SATAY-LL / LaanLab-SATAY-DataAnalysis

This contains codes and workflows for data analysis regarding SATAY experiments.
Apache License 2.0
4 stars 3 forks source link

Convert Matlab code provided by the Kornmann lab for SATAY analysis to Python. #14

Closed Gregory94 closed 4 years ago

Gregory94 commented 4 years ago

Using Python makes it easier to integrate the code in the rest of the workflow. Also, this makes documentation easier using for example Jupyter Notebooks or Jupyter Books.

Gregory94 commented 4 years ago

The Matlab code from the Kornmann lab for processing the number of transposons and reads for each possible insertion site uses specific functions. These functions are not all present in Python. For example, Matlab uses the Biomap function to read a .bam file. However, implementing a similar function in Python does not seem to be trivial. There is a package called pysam that might be able to read .bam files, but this is not working on Windows machines. I will check if this will work in Linux (which should run the code in the end anyway) and see if this package gives the desired results. I will also check if it would be feasible to escape to another programming language that might be able to do the analysis of the .bam file.

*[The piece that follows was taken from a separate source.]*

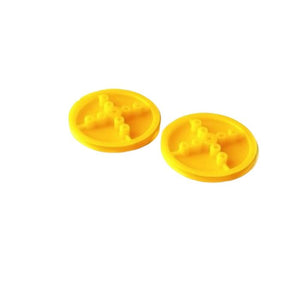 410 Wheel Tt Motor Arduino Smart Car Tyre Wheel Robot Tyre For Tt Motor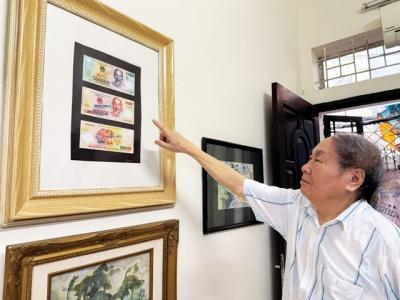 Người vẽ tiền ghi dấu lại lịch sử qua từng thời kỳ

Gregory94 commented 4 years ago

The progress on translating the Matlab code from the Kornmann lab to python can be found here. The pysam function seems to work pretty well and the python code has very similar results compared to the Matlab code. There are some differences, for example due to the fact that some python functions work slightly different compared to their Matlab equivalents. Also, the Python code uses some different files for finding (essential) genes that are not perfectly identical to the ones used by the Kornmann lab. Tests need to prove if these differences are acceptable. When the tests prove successful, this code will be changed to a more organized python code and some improvements in terms of efficiency and speed will be made.

Gregory94 commented 4 years ago

The python code for transposon mapping is finished and integrated into the workflow for satay analysis. The code can be found here and is now also present in the virtual machine. I solved all the issues that were present in the matlab code by Benoit and the code creates some additional files that might be helpful for our research.